The diesel-only Central Branch runs southeast from the Main Line at Bethpage to the Montauk Branch at Babylon, giving an alternate route to the Montauk Branch east of Babylon. The Central Branch used to continue west from Bethpage to include what is now the Garden City–Mitchel Field Secondary.
The electrified Far Rockaway Branch splits from the Atlantic Branch at Valley Stream and runs south and southwest to Far Rockaway. It used to continue west along what is now the New York City Subway's IND Rockaway Line to Hammels and Rockaway Park.
The electrified Long Beach Branch splits from the Atlantic Branch at Valley Stream but does not curve away from the Babylon Branch until just after Lynbrook, where it turns south to end at Long Beach.
The railroad has dropped a number of branches due to lack of ridership over the years. Part of the Rockaway Beach Branch became part of the IND Rockaway Line of the New York City Subway, while others were downgraded to freight branches, and the rest abandoned entirely. Additionally, the Long Island Railroad operated trains over portions of the Brooklyn Rapid Transit (BRT) elevated and subway lines until 1917.

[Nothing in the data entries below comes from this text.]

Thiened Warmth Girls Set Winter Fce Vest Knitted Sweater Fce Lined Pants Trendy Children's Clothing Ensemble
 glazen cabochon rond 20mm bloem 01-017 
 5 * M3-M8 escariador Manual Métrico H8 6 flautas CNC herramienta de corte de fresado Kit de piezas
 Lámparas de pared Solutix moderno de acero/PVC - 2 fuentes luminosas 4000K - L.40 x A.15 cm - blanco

The Bethpage Branch ran north from the Main Line and Central Branch at Bethpage.
The Bushwick Branch, also called the Bushwick Lead Track, is a freight railroad branch that runs from Bushwick, Brooklyn, to Fresh Pond Junction in Queens, where it connects with the Montauk Branch.
The Camp Upton Branch was a short branch north from the Main Line to Camp Upton.
The Cedarhurst Cut-off, officially known as the New York and Rockaway Railroad, was an extension of the Montauk Branch from its merger with the Atlantic Branch at Springfield Junction to the Cedarhurst, where it would turn west and run parallel to the Far Rockaway Branch until reaching Mott Avenue in Far Rockaway.
The Central Extension ran from Garden City eastward to Central Park (¾ mile south of current Bethpage station) and as far east as Bethpage Junction. The line was cut back to the point where it stopped at Island Trees. Today the western part of track still in use for freight and storage, and is officially known today as the Garden City Secondary.
The Chestnut Street Incline (Brooklyn) between Atlantic Avenue and Fulton Street was opened in 1898 to allow for thru-operation over the Jamaica/Broadway Elevated Line to the East River ferry terminal. In 1909 thru passenger service to Manhattan via the Williamsburg Bridge was established in coordination with the Brooklyn Rapid Transit Company (BRT). LIRR Passenger service operated to Chambers Street between May 1909 and September 1917,
The Creedmoor Branch, a remnant of the Central Railroad of Long Island (CRRLI) of Alexander Turney Stewart, was a short branch from the Main Line at Floral Park northwest through Creedmoor. It once went as far northwest as Flushing.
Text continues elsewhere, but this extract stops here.